In [None]:
#pip install tensorflow numpy sklearn

In [None]:
!pip install datasets
!pip install conllu
!pip install --upgrade datasets

In [None]:
#!rm -rf ~/.cache/huggingface/datasets
#!rm -rf /root/.cache/huggingface/datasets
#!rm -rf /content/.cache/huggingface/datasets

## Load the data

In [None]:
import numpy as np
from collections import defaultdict, Counter
from datasets import load_dataset

In [None]:
dataset = load_dataset("universal_dependencies", "en_ewt")

train_data = dataset["train"]
dev_data = dataset["validation"]
test_data = dataset["test"]

In [None]:
train_data

## Preprocess data for MLP Input

In [None]:
window_size = 5
pad_size = window_size // 2

In [None]:
word2idx = defaultdict(lambda: len(word2idx))
tag2idx = defaultdict(lambda: len(tag2idx))

word2idx["<PAD>"]
word2idx["<UNK>"]

def extract_sequences(dataset):
    sequences = []
    for item in dataset:
        tokens = item['tokens']
        tags = item['upos']
        sequences.append((tokens, tags))
    return sequences

In [None]:
train_seqs = extract_sequences(train_data)
dev_seqs = extract_sequences(dev_data)
test_seqs = extract_sequences(test_data)

In [None]:
train_seqs[1]

In [None]:
# Indexing words from training set
for tokens, tags in train_seqs:
    for token in tokens:
        word2idx[token.lower()]

## Dataset Statistics

In [None]:
print(f'Vocabulary size: {len(word2idx)}')

In [None]:
num_train_sent = len(train_seqs)
num_val_sent = len(dev_seqs)
num_test_sent = len(test_seqs)
print(f'training sequences length: {num_train_sent}')
print(f'development sequences length: {num_val_sent}')
print(f'test sequences length: {num_test_sent}')

In [None]:
def total_token_count(sequences):
    return sum(len(tokens) for tokens, _ in sequences)

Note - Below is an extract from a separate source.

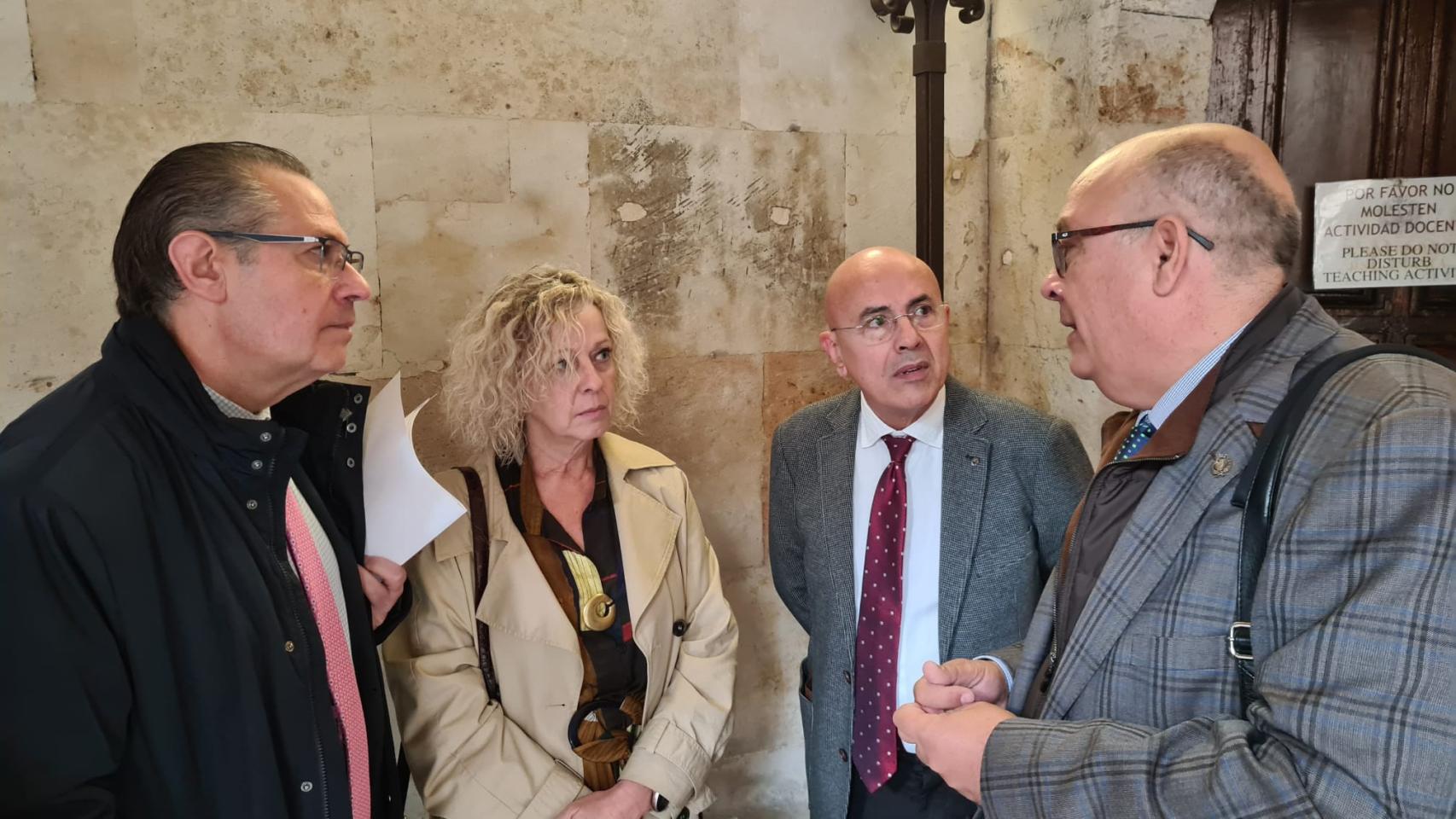El concejal de Fomento, Fernando Carabias, junto a la vicerrectora Celia Aramburu y el decano de Geografía, José Luis de las Heras Santos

train_token_count = total_token_count(train_seqs)
val_token_count = total_token_count(dev_seqs)
test_token_count = total_token_count(test_seqs)

print(f'training tokens count: {train_token_count}')
print(f'development tokens count: {val_token_count}')
print(f'test tokens count: {test_token_count}')

In [None]:
def average_sentence_length(sequences):
    return sum(len(tokens) for tokens, _ in sequences) / len(sequences)

avg_train_length = average_sentence_length(train_seqs)
avg_val_length = average_sentence_length(dev_seqs)
avg_test_length = average_sentence_length(test_seqs)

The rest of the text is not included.